> [Brief]
The task calls for an exact retyping of the lines from the one holding "Building Photo - 101 Mountain Valley St" through the end of the listing, with pictures omitted and nothing added.
** Information follows **
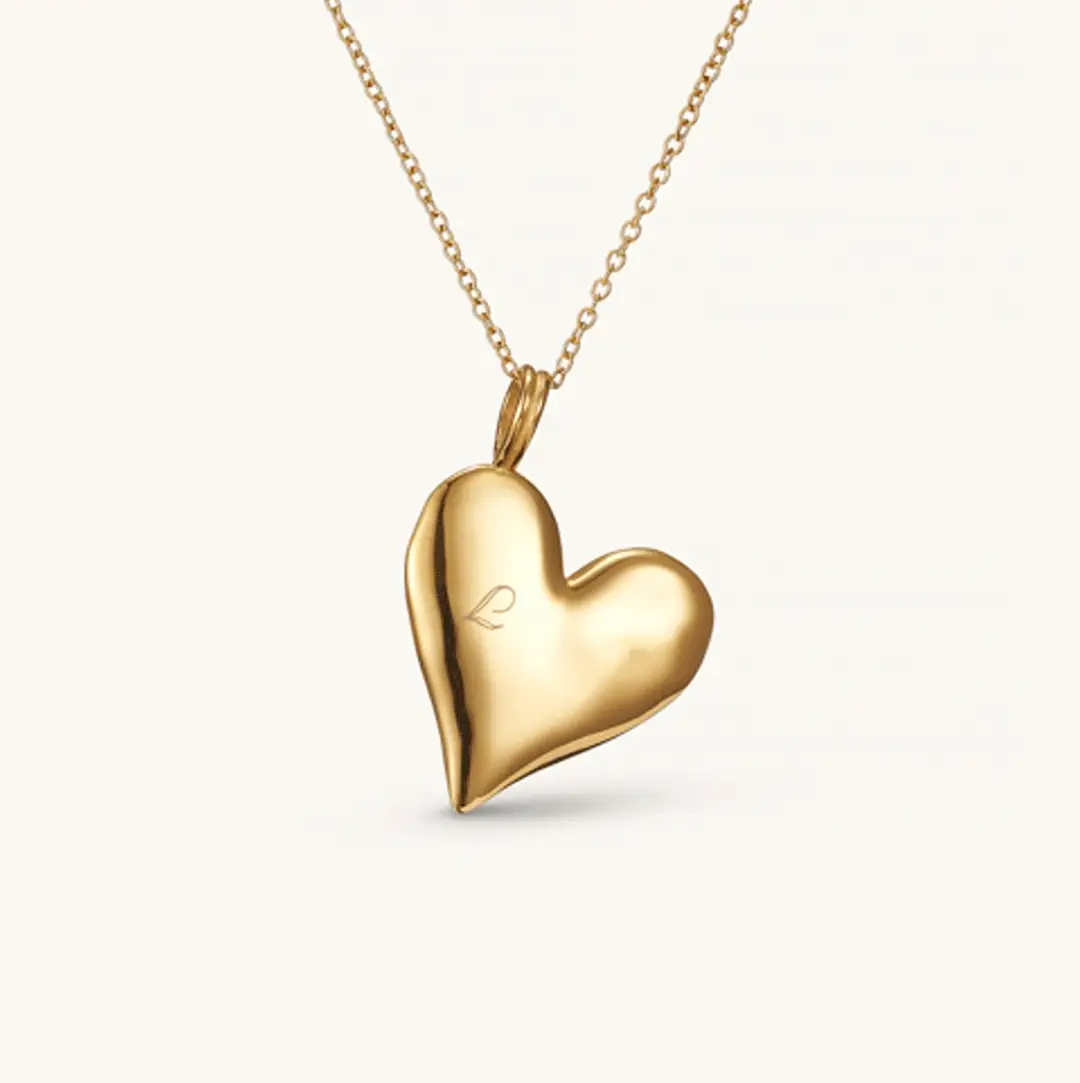 Amore Pendant Necklace in Gold - Image 6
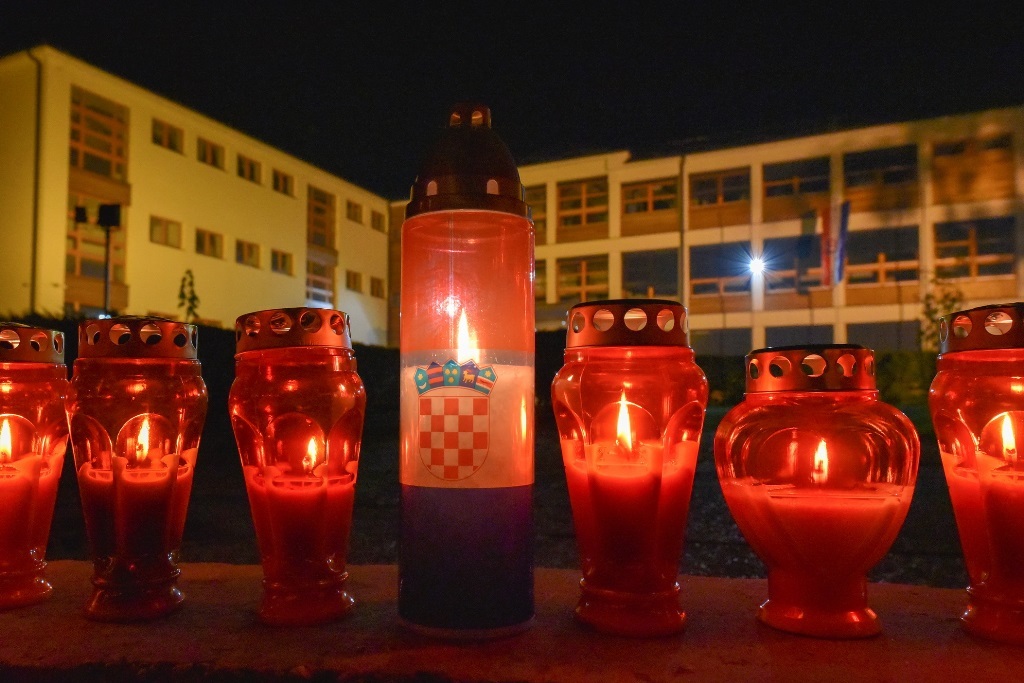 Paljenje svijeća povodom Dana sjećanja u Đurđevcu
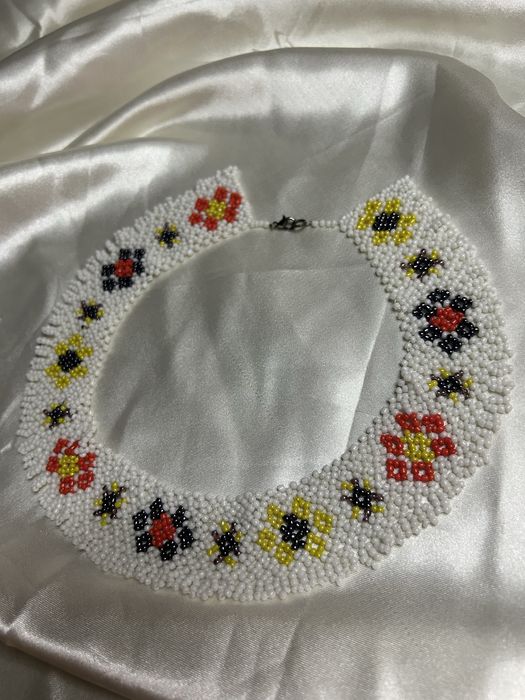 Намисто з бісеру/силянка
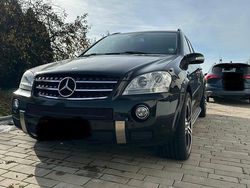 Schwarz Gebraucht 2006 Mercedes ML63 AMG AMG SUV | 27.000 €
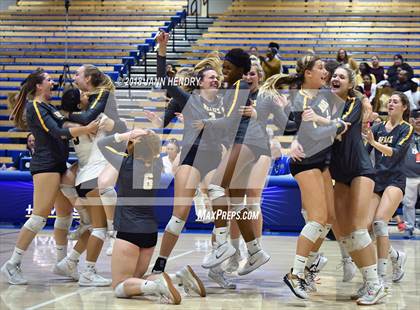 Thumbnail 1 in Bishop O'Dowd vs. Temecula Valley (CIF State D1 Final) photogallery.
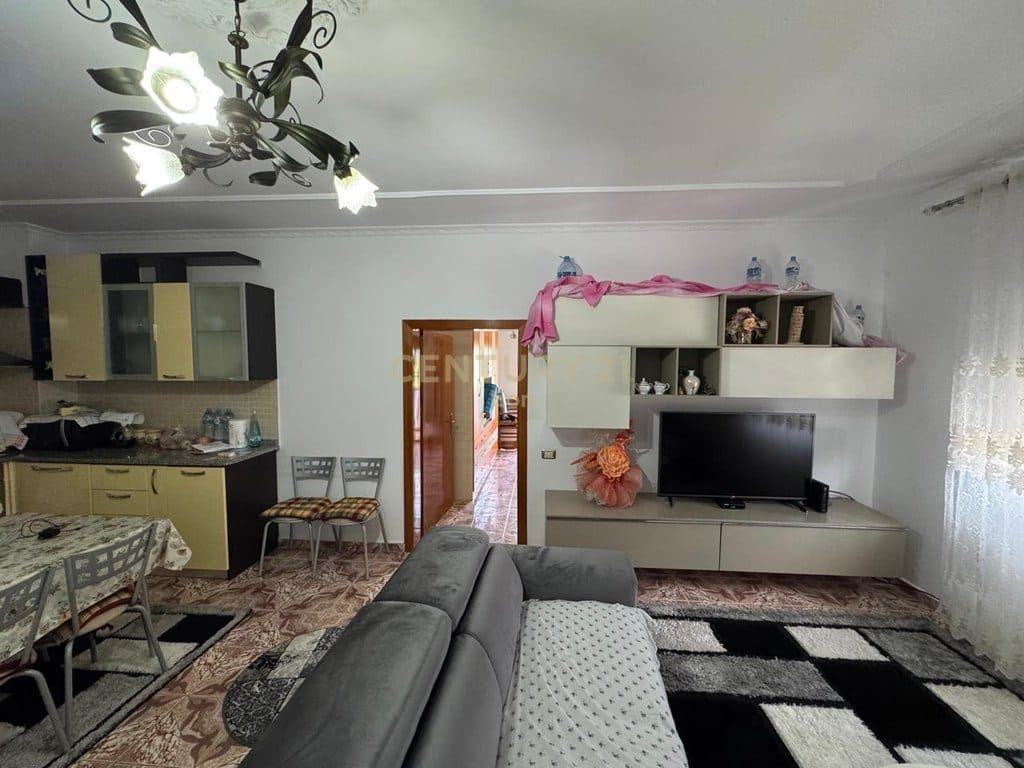 SHITET APARTAMENT 2+1 ME GARAZHD, DURRES ! 3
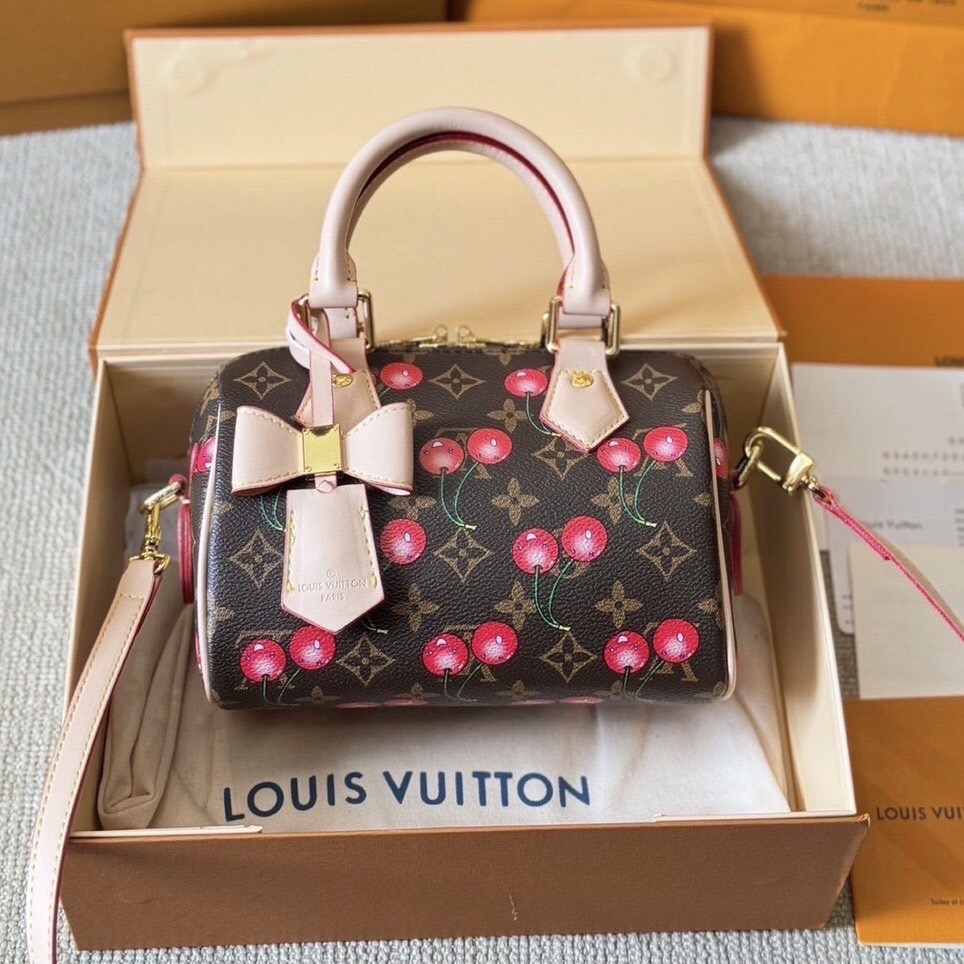 LV x TM speedy bandouliere 20 bag Monogram Cherry กระเป๋าทรงหมอนใบเล็ก คอลแสนสดใสด้วยการตกแต่งลายพิมพ์ รุ่นดอกไม้หลากสี และเชอรี่ มาพร้อมกุญแจล็อค ขนาดกำลังดี กะทัดรัด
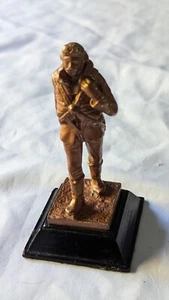 Royal Hampshire Art Foundry : Battle Of Britain Pilot : Pewter Statue on Plinth - Picture 1 of 5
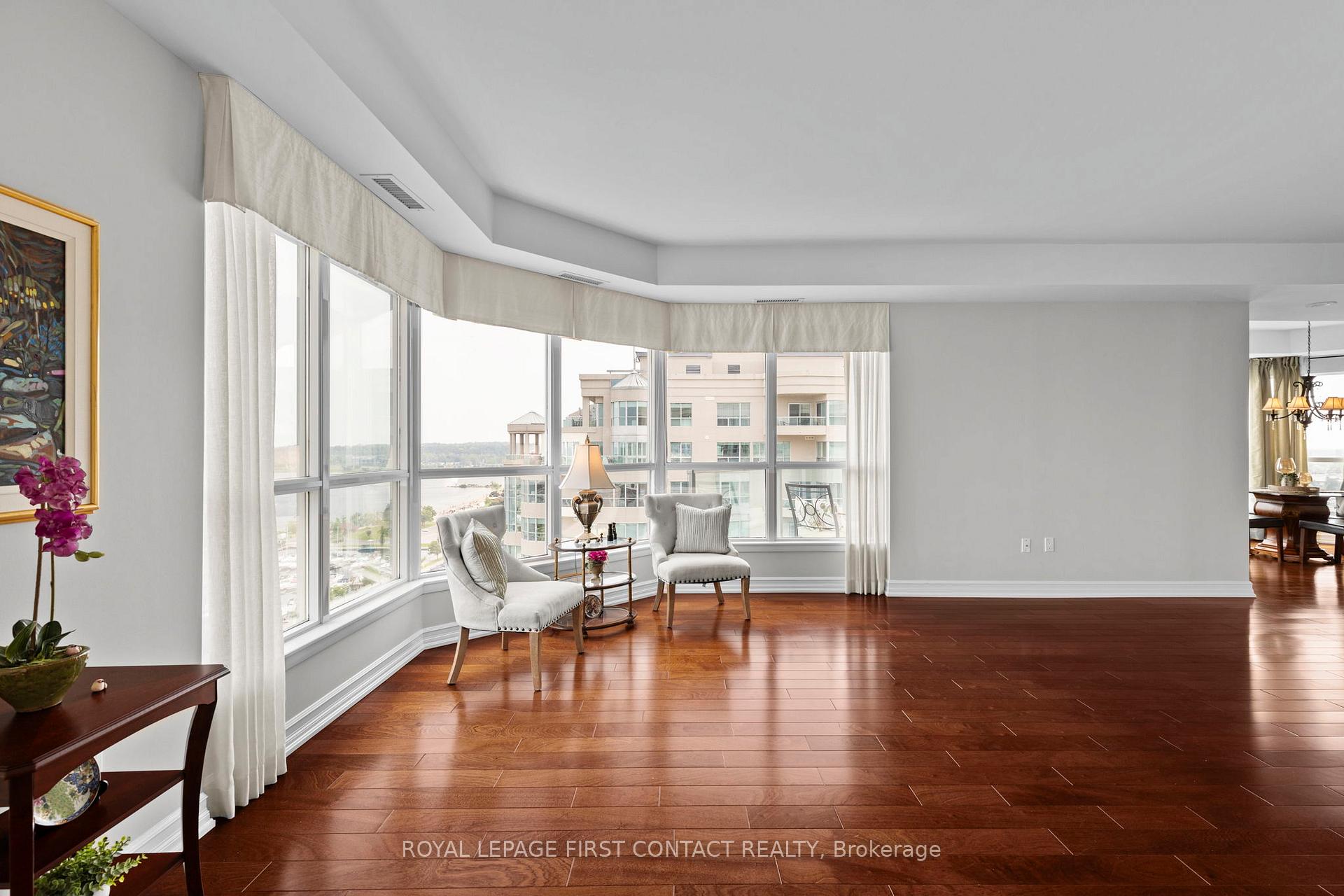 Photo 12 of Unit 1603, 6 Toronto Street, Barrie, City Centre — HOMEH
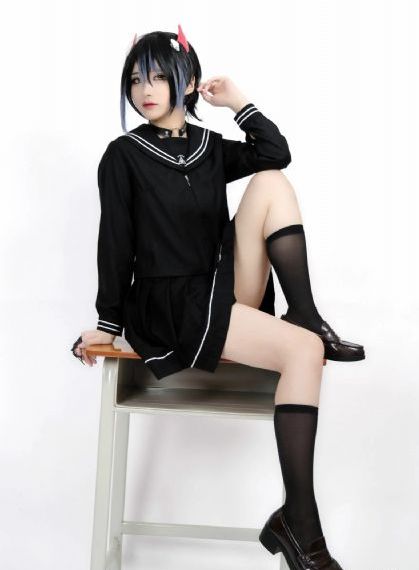 男女亲嘴摸你胸脱内衣看奶头_电视剧完整版在线观看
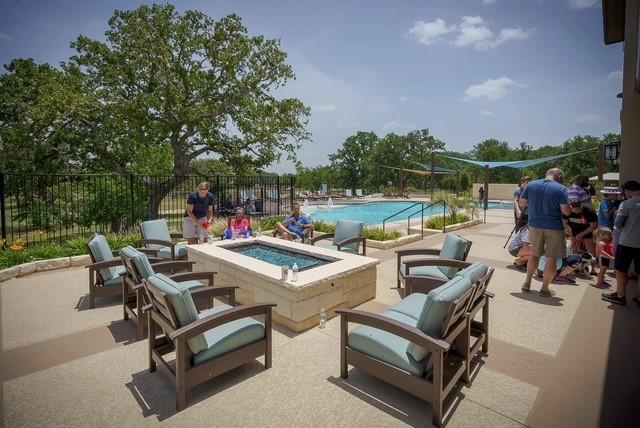 Building Photo - 101 Mountain Valley St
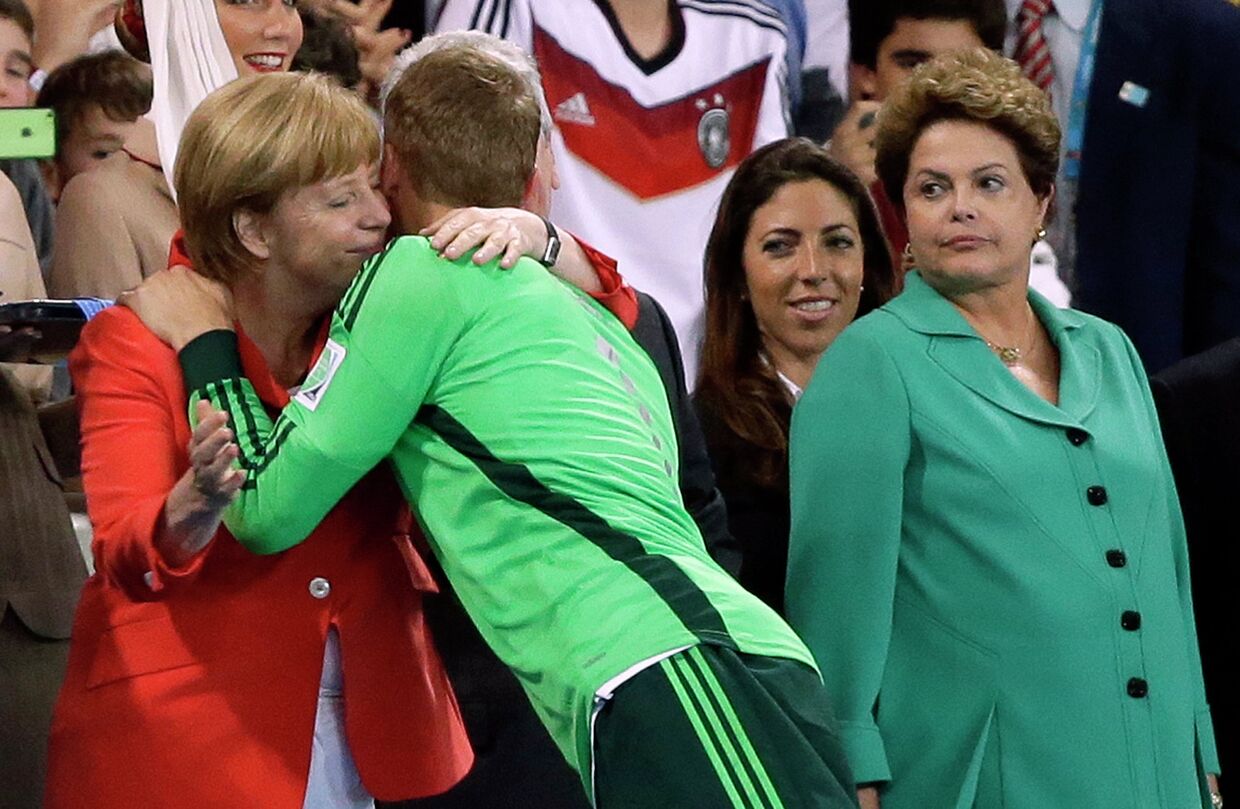 Канцлер Германии Ангела Меркель поздравляет с победой сборной вратаря Мануэля Нойера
** End of Information **
> [Answer space]
 Building Photo - 101 Mountain Valley St
 Канцлер Германии Ангела Меркель поздравляет с победой сборной вратаря Мануэля Нойера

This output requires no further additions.